Mar 10, 2010

Smile politely, nod awkwardly: greeting people you barely know

Everybody has one. You know who I’m talking about, those people you see day in, day out, who seem to have the same strange life-schedule as you. You don’t know them, but somehow you both always manage to be in the same place. In the bubble-like world of Trinity College there is simply no way you can avoid these people. I saw mine five times yesterday. No matter how low a profile you keep, whether you’re in the library, in the gym, in the arts block, or even in the post-grad room your college stalker STILL somehow manages to find you. I like to give mine names, “brown coat guy”, “beard man” or “strange girl with crutch”. 

And if you’re lucky you can just get on with it and keep pretending you’ve never seen each other before in your life, several times a day. Until you’re at a party and have had way too much free wine. Then something compels you to slur to these people “I see you everywhere!” Never a good idea, as half the time they haven’t noticed you and you just seem like a total stalker.

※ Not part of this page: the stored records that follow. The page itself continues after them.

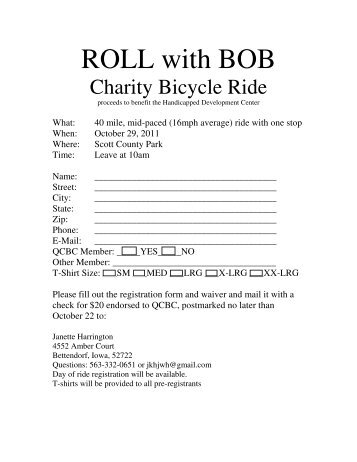 registration form and waiver - Quad Cities Bicycle Club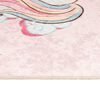 vidaXL Kids' Rug Pink 160x230 cm Unicorn Washable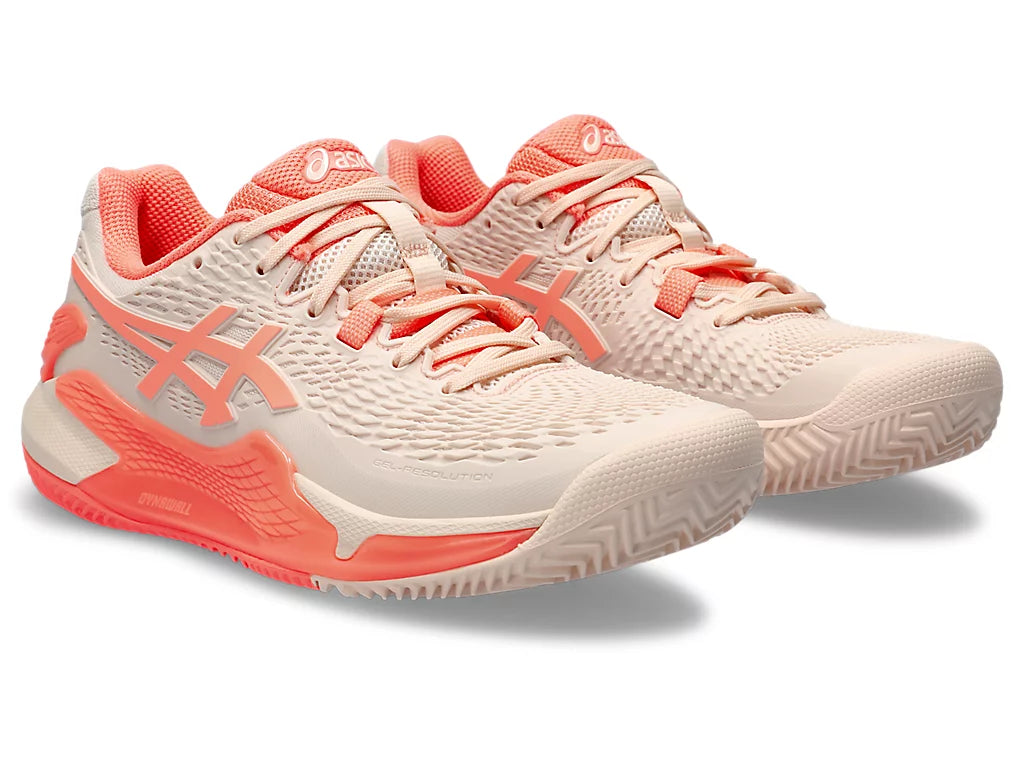 Tenis Asics Gel Resolution 9 Clay Pearl Pink/Sun Coral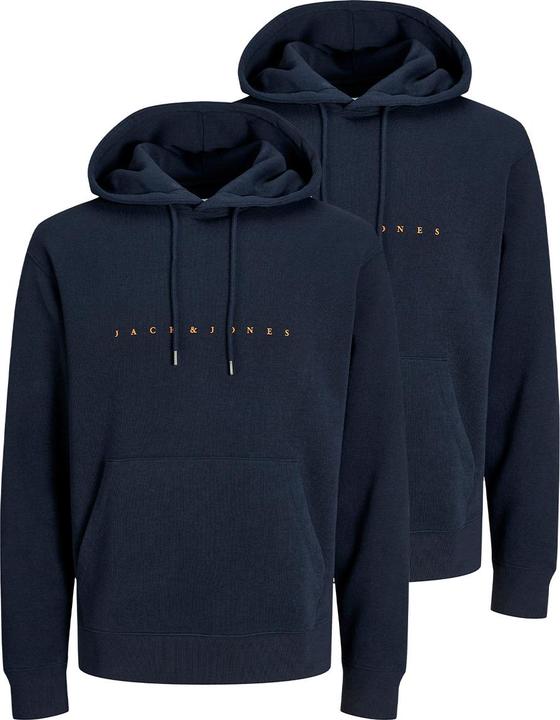 Produktbild Jack & Jones - Star - Sweatshirt / Hoodie - 2er Pack (L Dunkelblau) (L)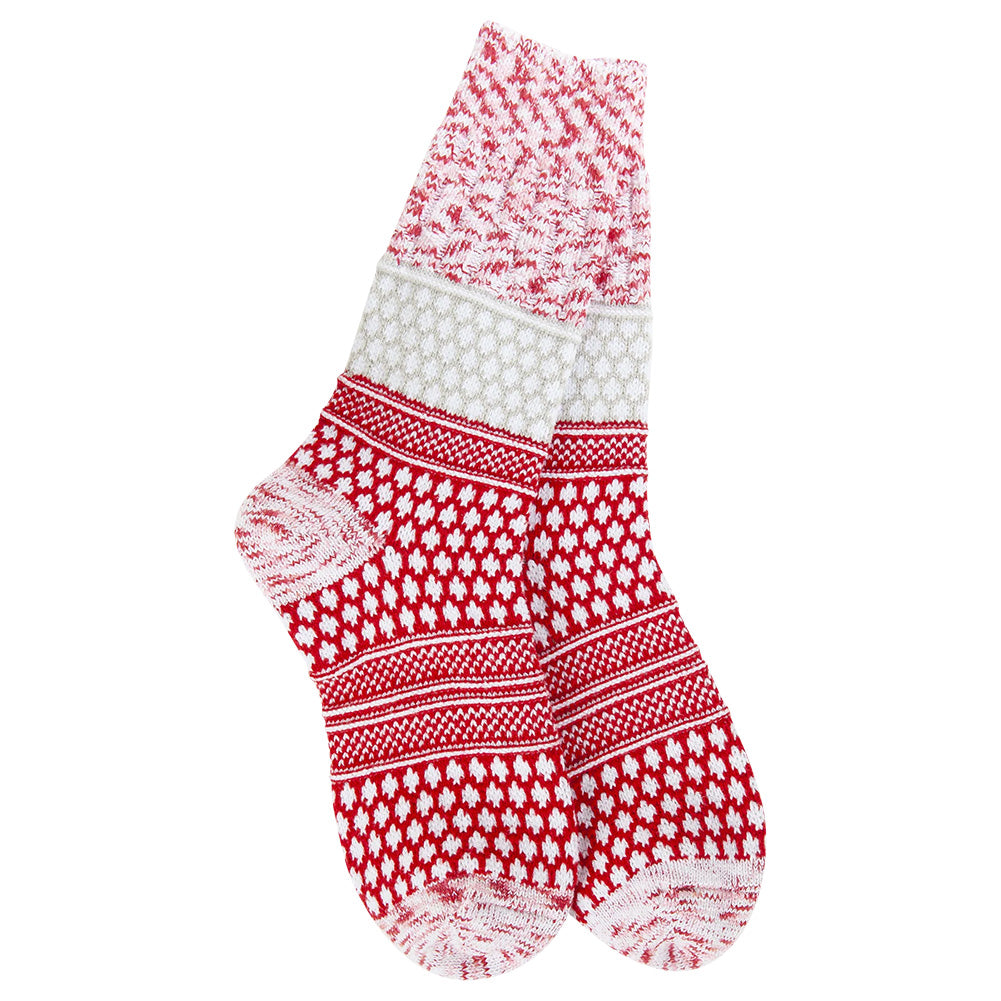 Worlds Softest Socks Holiday Gallery Textured Crew Socks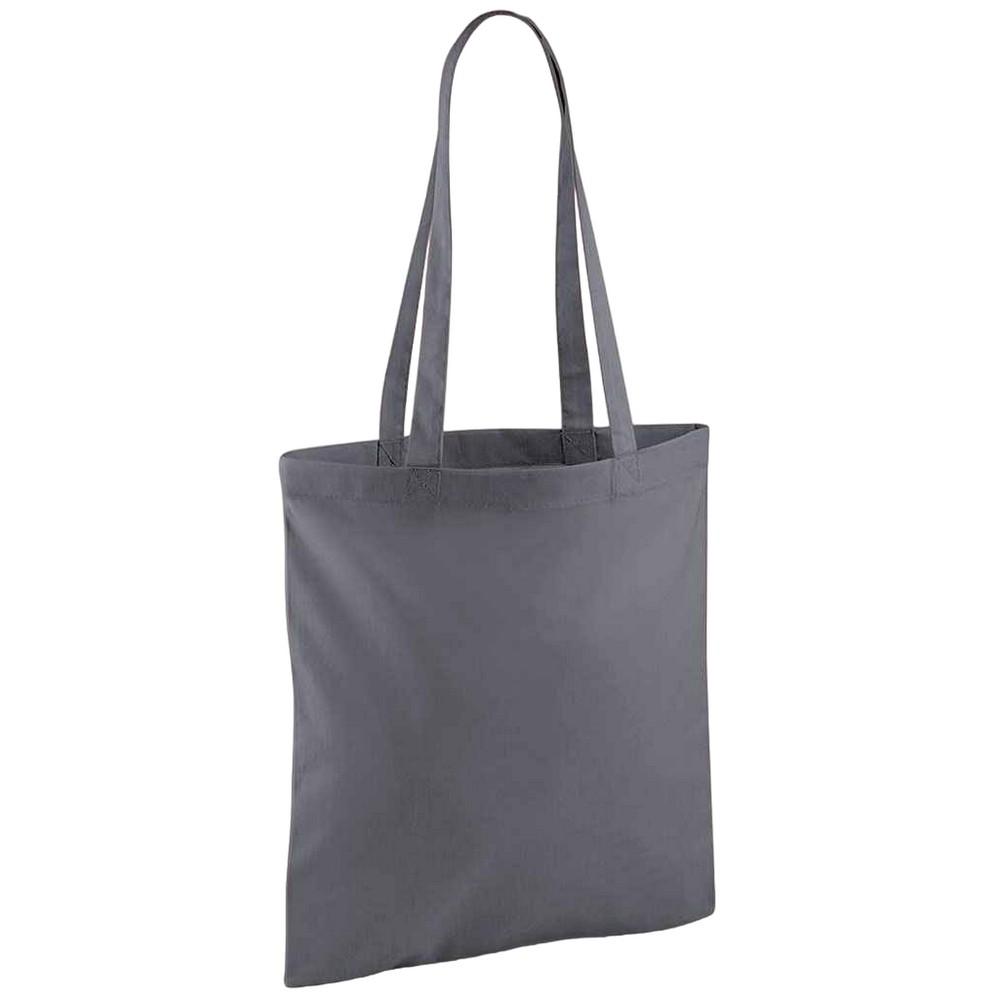 Westford Mill Bag For Life draagtas met lang handvat One Size grijs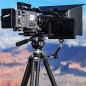 Leofoto LVC-253C+BV-15 carbon fibre video tripod with fluid video head Leofoto LVC-253C+BV-15 carbon fibre video tripod with fluid video head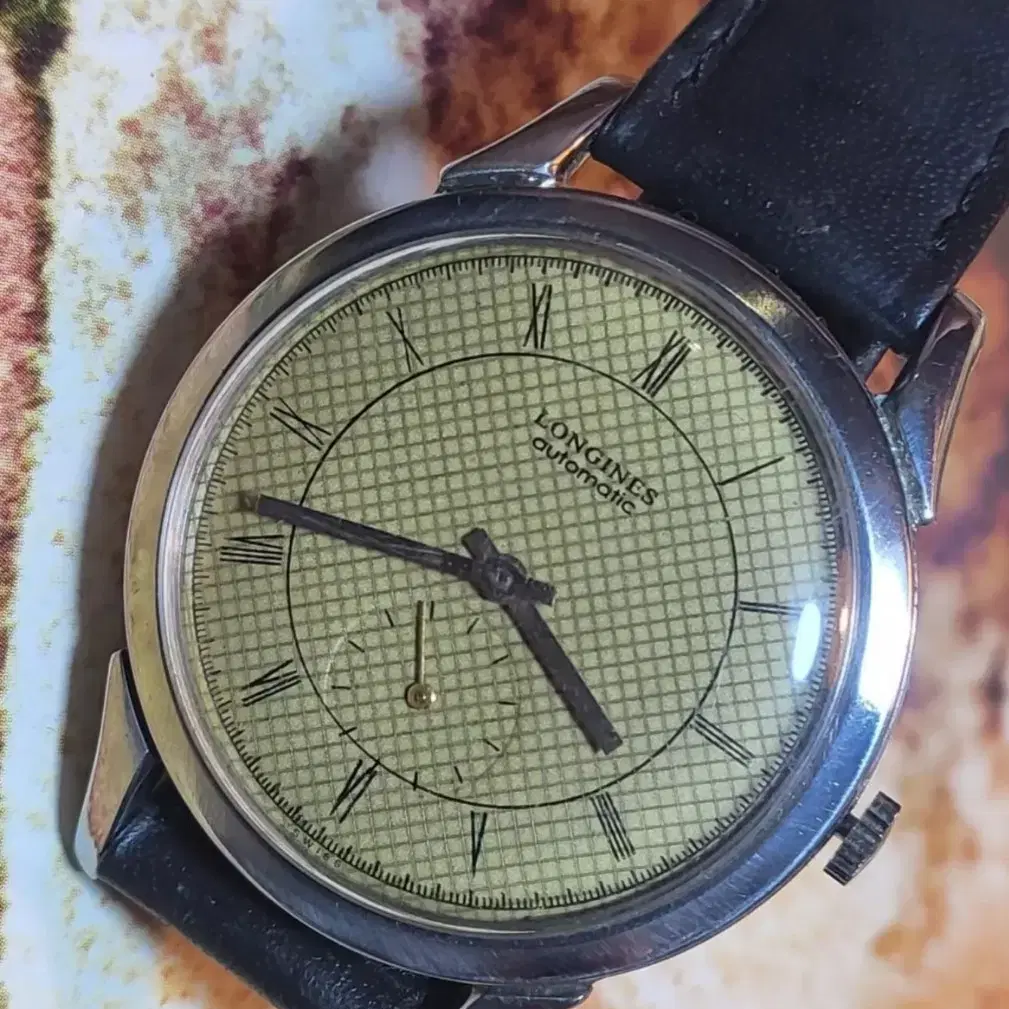 # 95 ) LONGINES  RARE VINTAGE AUTO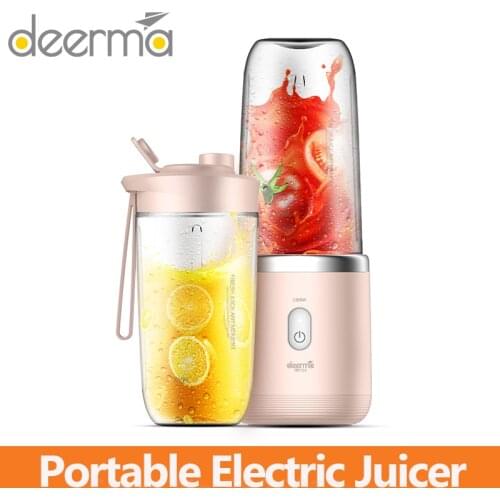 Deerma Electric Juicer 400ML Portable Blender Automatic Multipurpose Wireless USB Mini Juicer with Cup Cut Mixer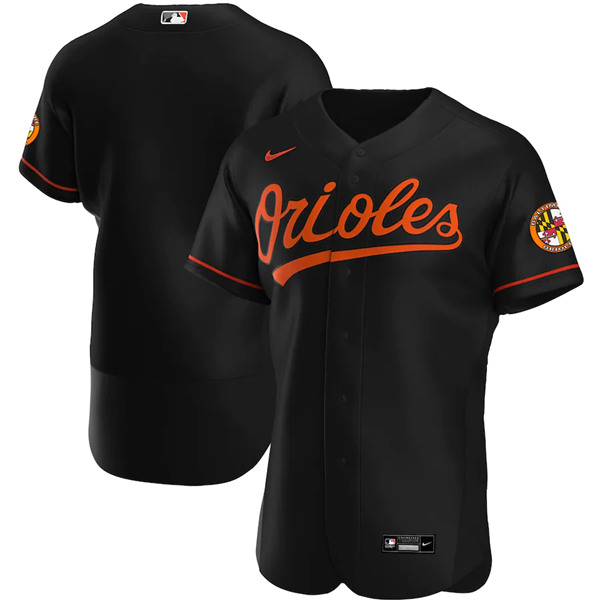 Baltimore Orioles Blank Black Flex Base Stitched Jersey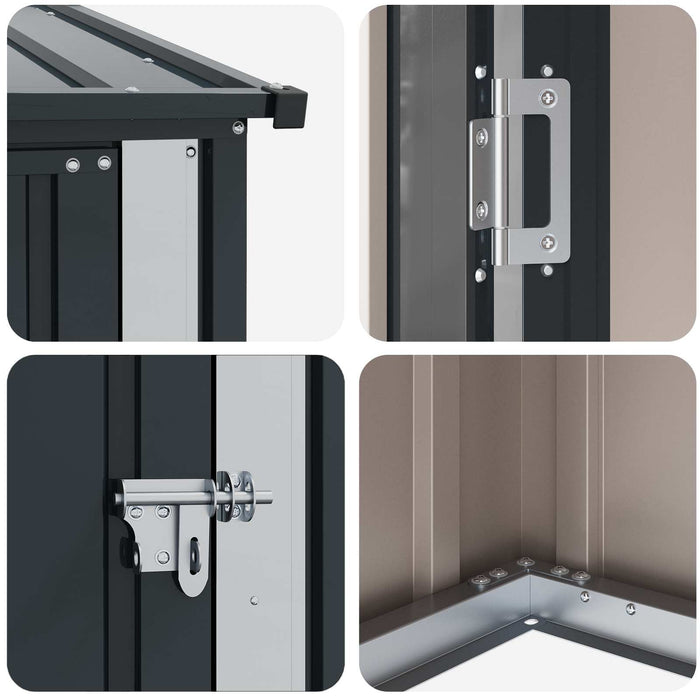 Magazii pentru grădină Antracit 103 x 74 x 200 cm Metal - WALTI WALTI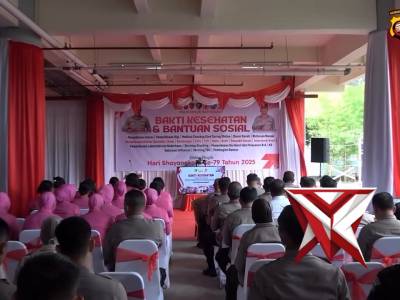 Bakti Kesehatan dan Bantuan Kesehatan Polda Kalbar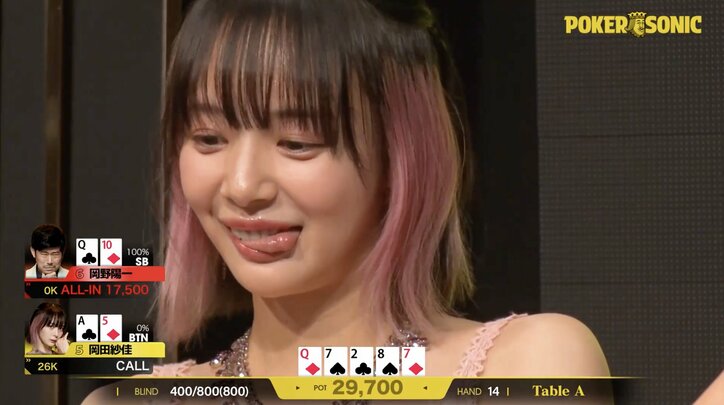 【映像】岡田紗佳のかわいすぎる“舌ペロ”リアクション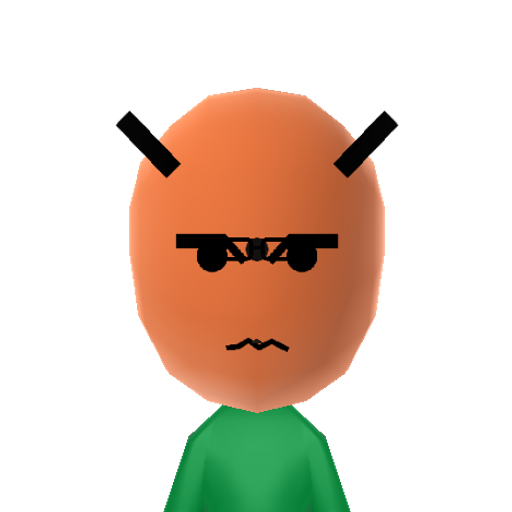 Kochen Mii character: A Mii from Jackson's WSR Mod, a mod for Wii Sports Resort.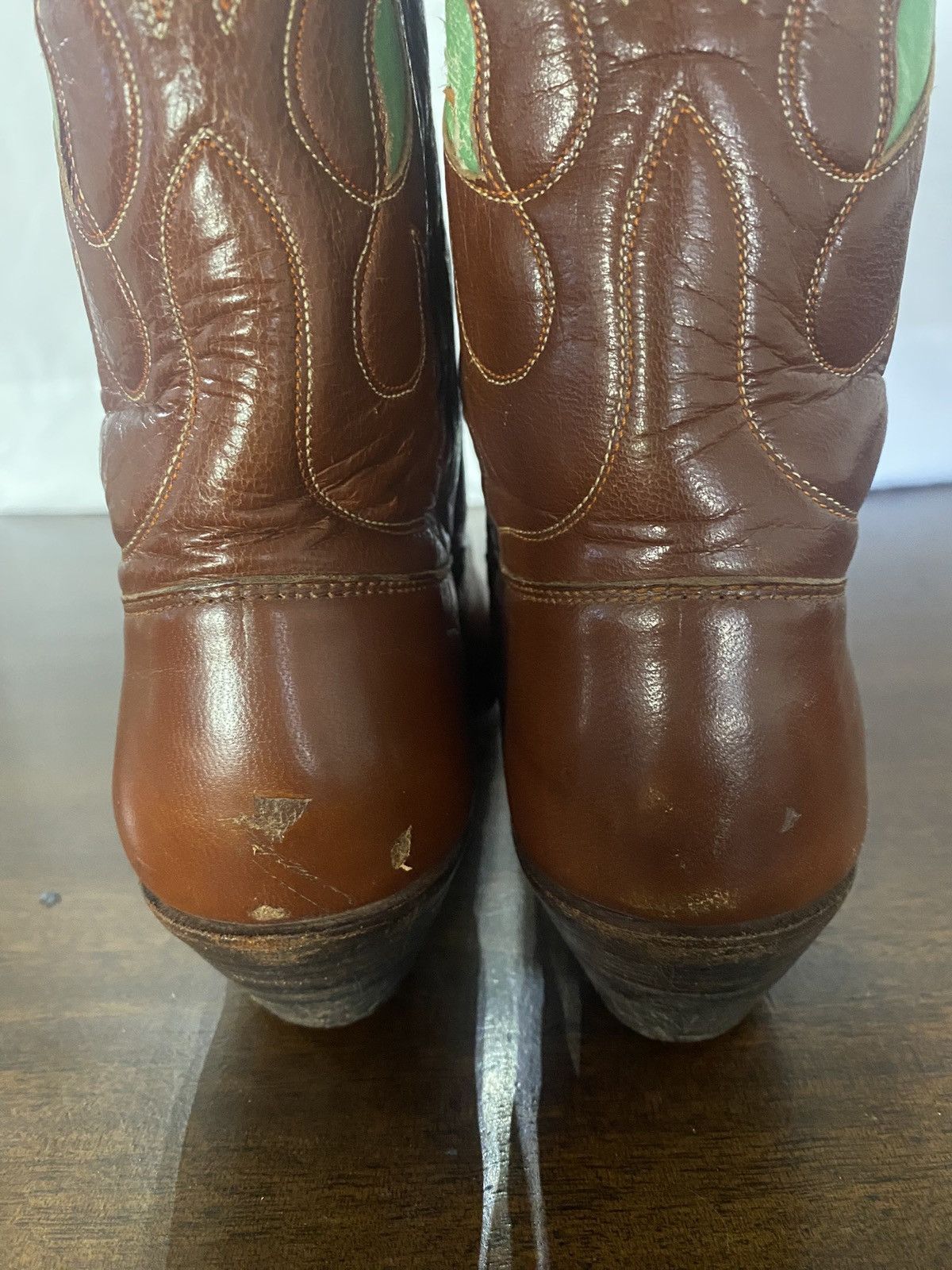 Justin Boots × Vintage VINTAGE 1940s H.J. Justin & Sons/Ft Worth TX/Boots Sz 5-6? Size US 5.5 / IT 35.5 - 5 Thumbnail
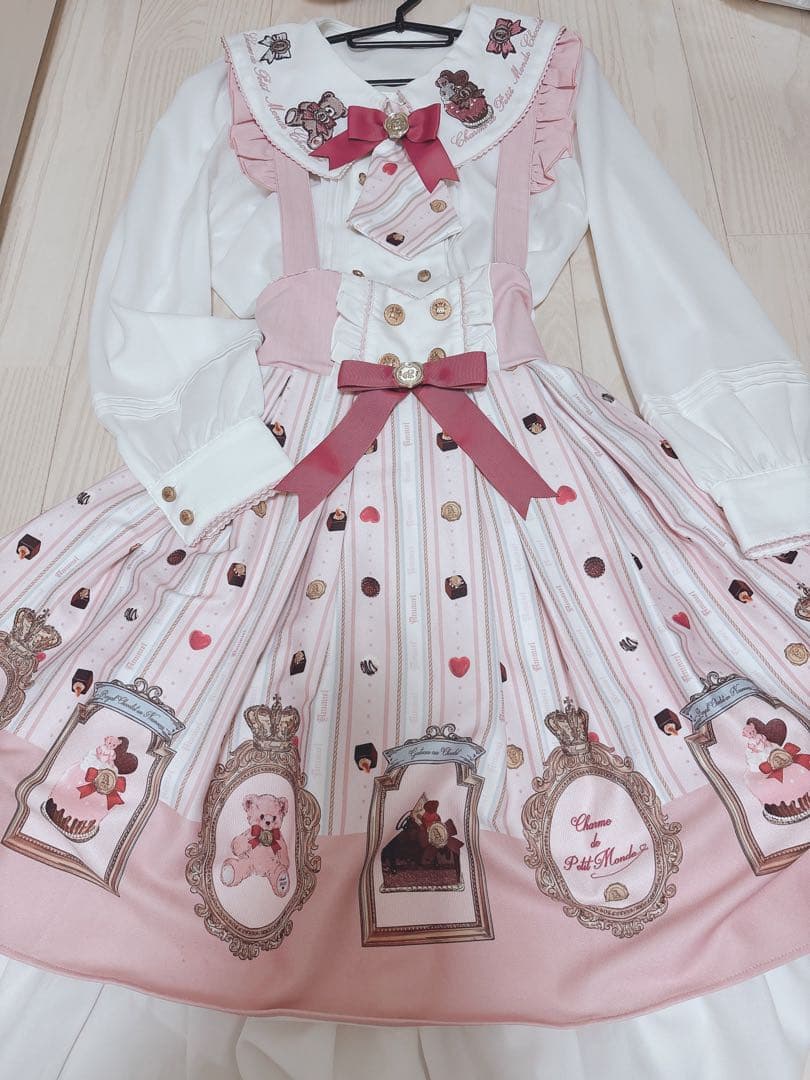 Nounours Chocolatory ブラウス　スカート　Amavel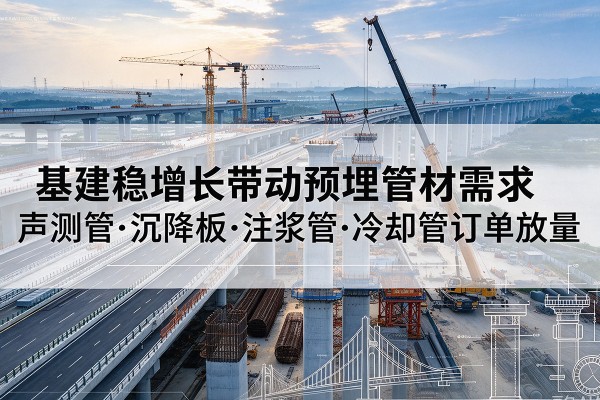 红安基建稳增长带动预埋监测管材需求，声测管、沉降板、注浆管订单持续放量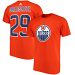 Edmonton Oilers Leon Draisaitl Adidas NHL Silver Player Name & Number T-Shirt - Orange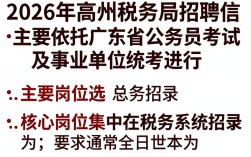 高州税务局招聘信息，高州税务局招聘条件是什么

But of course we know the more we want to see a certain person, the less likely we are to see them. Well it works the other way too. If you go to extreme lengths you go to avoid someone on campus, there is no doubt that you will run into them. Last week I sat next to the same girl in the library all day, and then ran into her later on in the shop, then in Dunnes again that night. After a while I had to wonder if I WAS actually following her subconsciously.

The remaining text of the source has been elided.